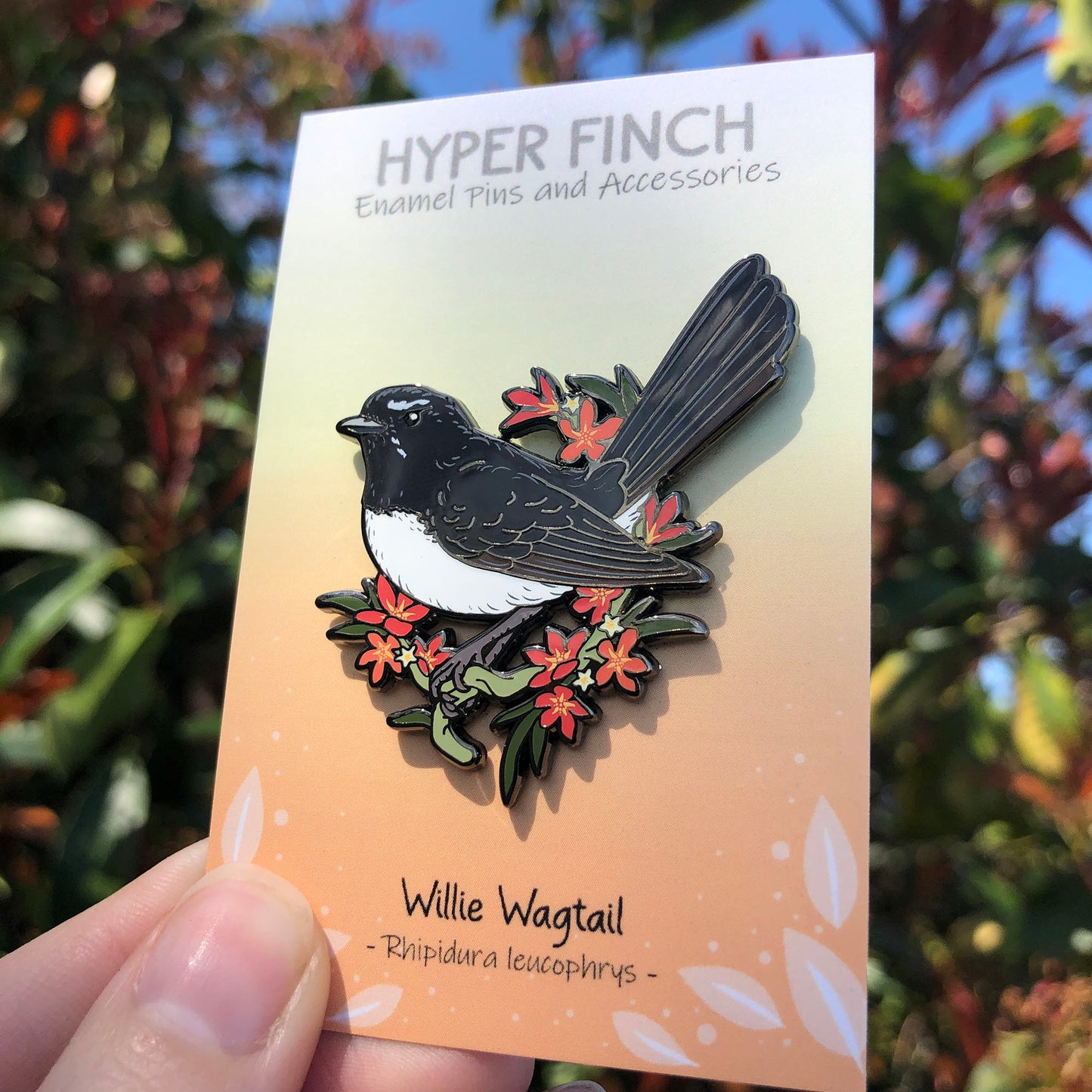 Willie Wagtail Enamel Pin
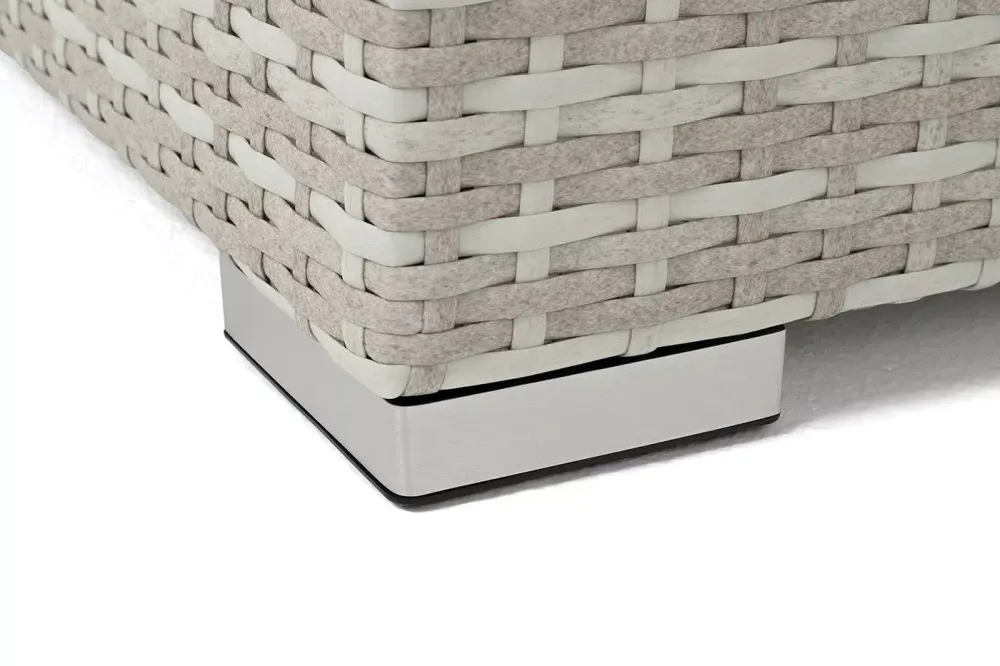 "Лунго" кашпо для цветов большое плетеное из искусственного ротанга, цвет бежевый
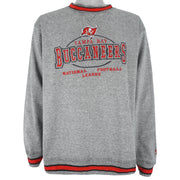NFL (Logo Athletic) - Tampa Bay Buccaneers Embroidered Sweatshirt 1990s Large Vintage Retro Football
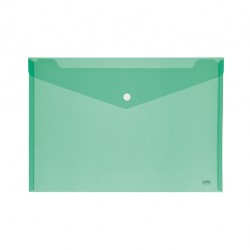 Busta con bottone - formato orizzontale - 24x18,5 cm - colori assortiti - Lebez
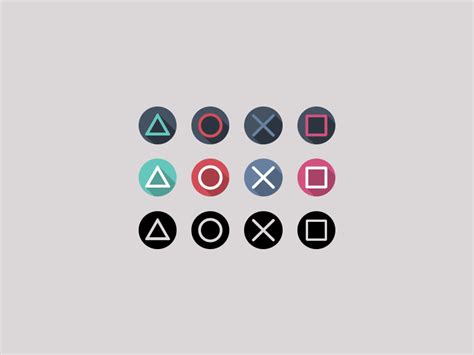 Playstation icons (free download) :: Behance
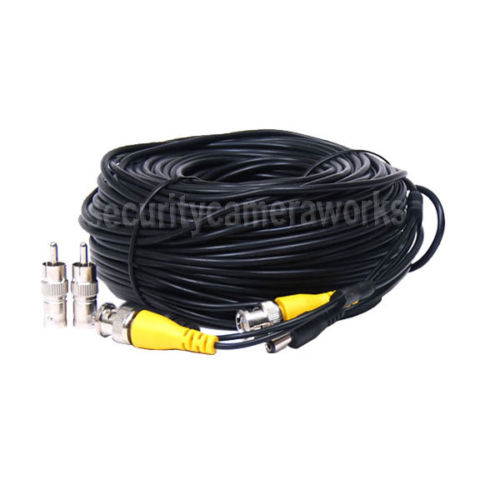 150ft CCTV DVR Surveillance Security Camera Extension BNC Video Power Cable B7V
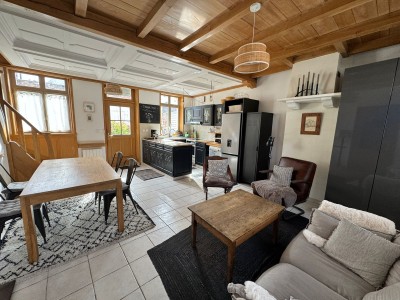 MAISON MEUBLEE 3 CHAMBRES A LOUER - MOUVAUX - 77.01 m2 - 1413€ charges comprises par mois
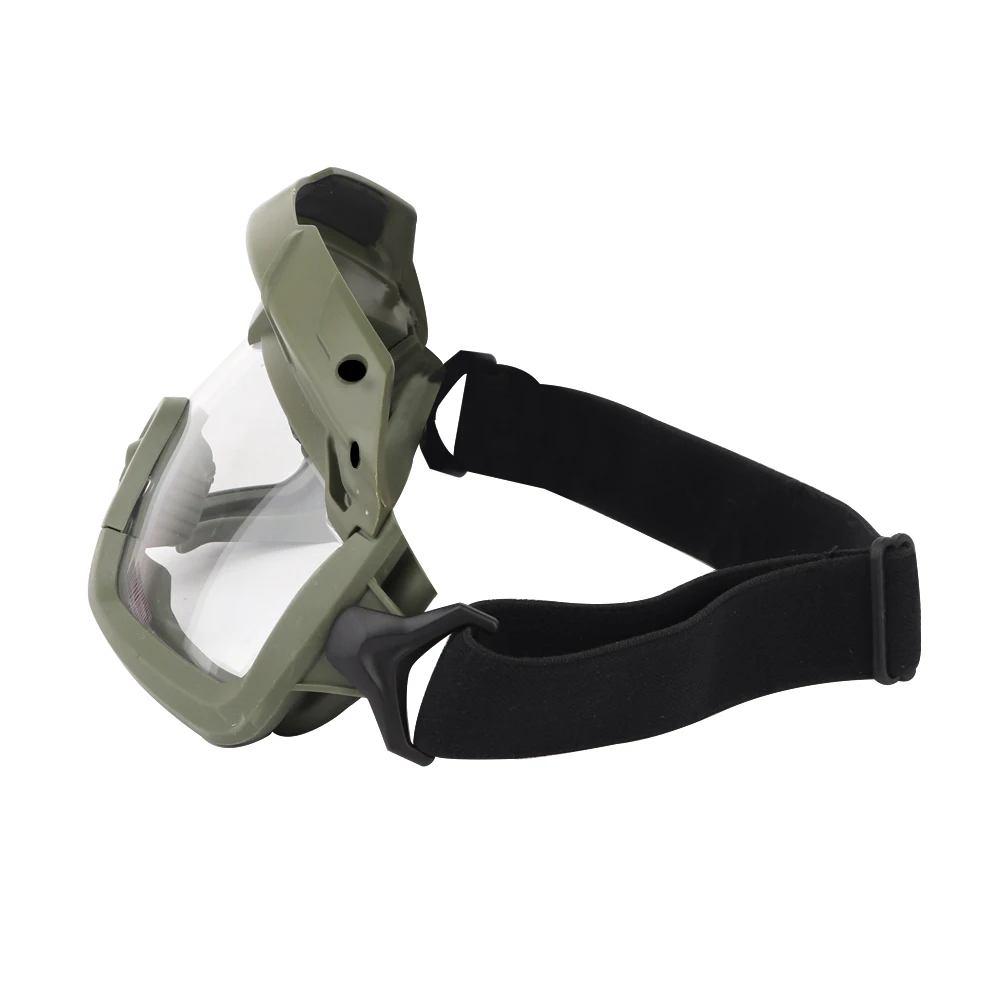 Gafas tácticas de tiro Airsoft transparentes/Negro/amarillo 3 lentes a prueba de viento a prueba de polvo para gafas de casco rápido de Motocross al aire libre - imagen 4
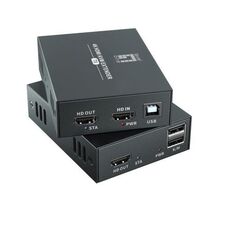 LevelOne HDMI over Cat.5/6 Extender kit 4K, 100m  schwarz
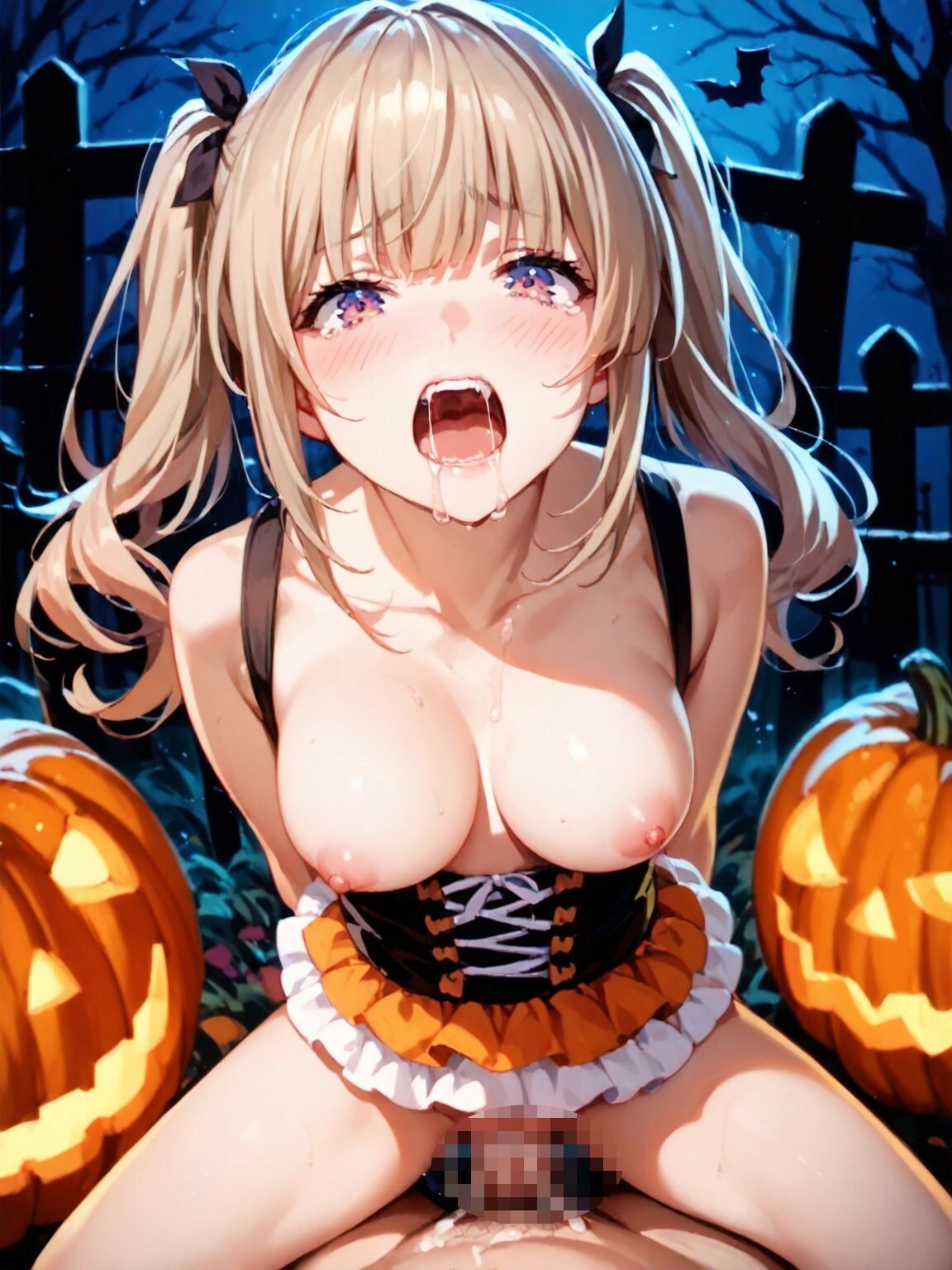 サンプル画像3:ファントムたちに悪戯されるハロウィンコスプレ嬢(JiroJohn Collection) [d_457953]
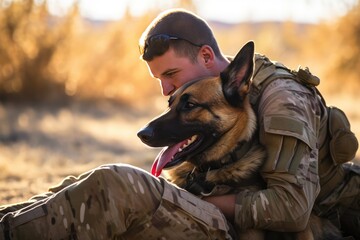 Soldier Finds Solace In Reunion With Beloved Dog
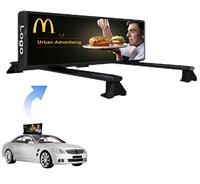Pantalla Led de doble cara impermeable para exteriores P5Mm, letreros publicitarios para techo de coche, pantalla Led superior de Taxi, fácil instalación y mantenimiento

○ ○ ○ ○ ○ ○ ○

*BRIEF*. Go back to the lines above and output, exactly as they stand, the ones from the line containing "150ft CCTV DVR" to the line containing "Soldier Finds Solace". Leave all pictures behind.

*EXERCISE ANSWER*.
 150ft CCTV DVR Surveillance Security Camera Extension BNC Video Power Cable B7V
 MAISON MEUBLEE 3 CHAMBRES A LOUER - MOUVAUX - 77.01 m2 - 1413€ charges comprises par mois
 Gafas tácticas de tiro Airsoft transparentes/Negro/amarillo 3 lentes a prueba de viento a prueba de polvo para gafas de casco rápido de Motocross al aire libre - imagen 4
 LevelOne HDMI over Cat.5/6 Extender kit 4K, 100m  schwarz
 サンプル画像3:ファントムたちに悪戯されるハロウィンコスプレ嬢(JiroJohn Collection) [d_457953]
 Soldier Finds Solace In Reunion With Beloved Dog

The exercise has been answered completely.